• [What you will do]: Transcribe the listing below exactly, without pictures.

• [Collected material]:

──────────

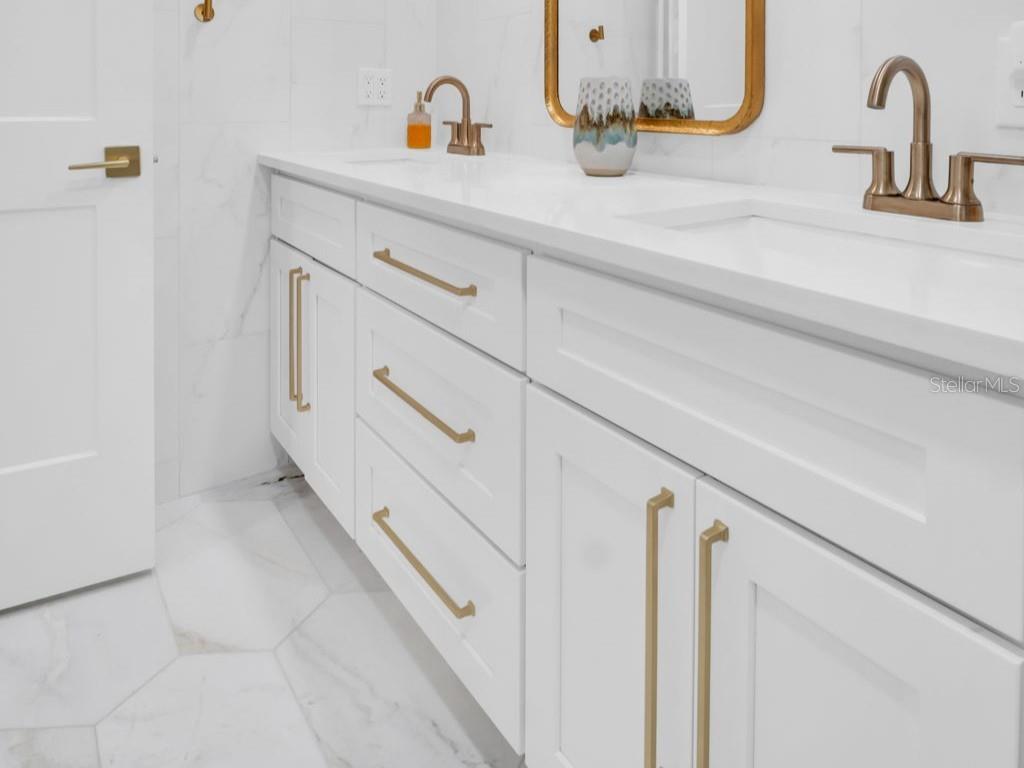 MOORINGS THE CONDO - Residential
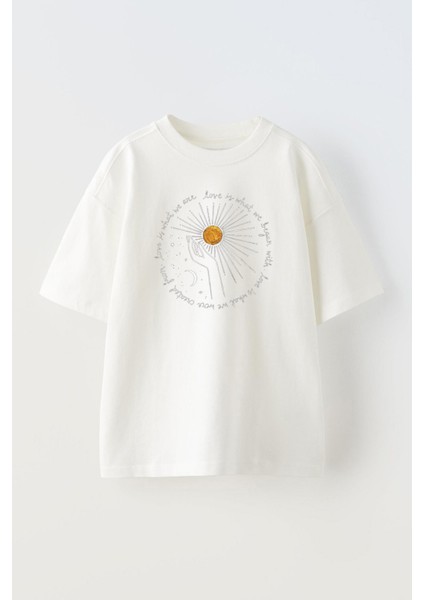 Beyaz Oversize Pamuk Güneş El Içerisinde Baskılı Örme T-Shirt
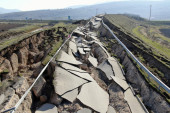 Zemljotres u Turskoj potpuno uništio pojedine puteve: Snimak dronom pokazao katastrofu (VIDEO)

──────────

• [Task output]:
 MOORINGS THE CONDO - Residential
 Beyaz Oversize Pamuk Güneş El Içerisinde Baskılı Örme T-Shirt
 Zemljotres u Turskoj potpuno uništio pojedine puteve: Snimak dronom pokazao katastrofu (VIDEO)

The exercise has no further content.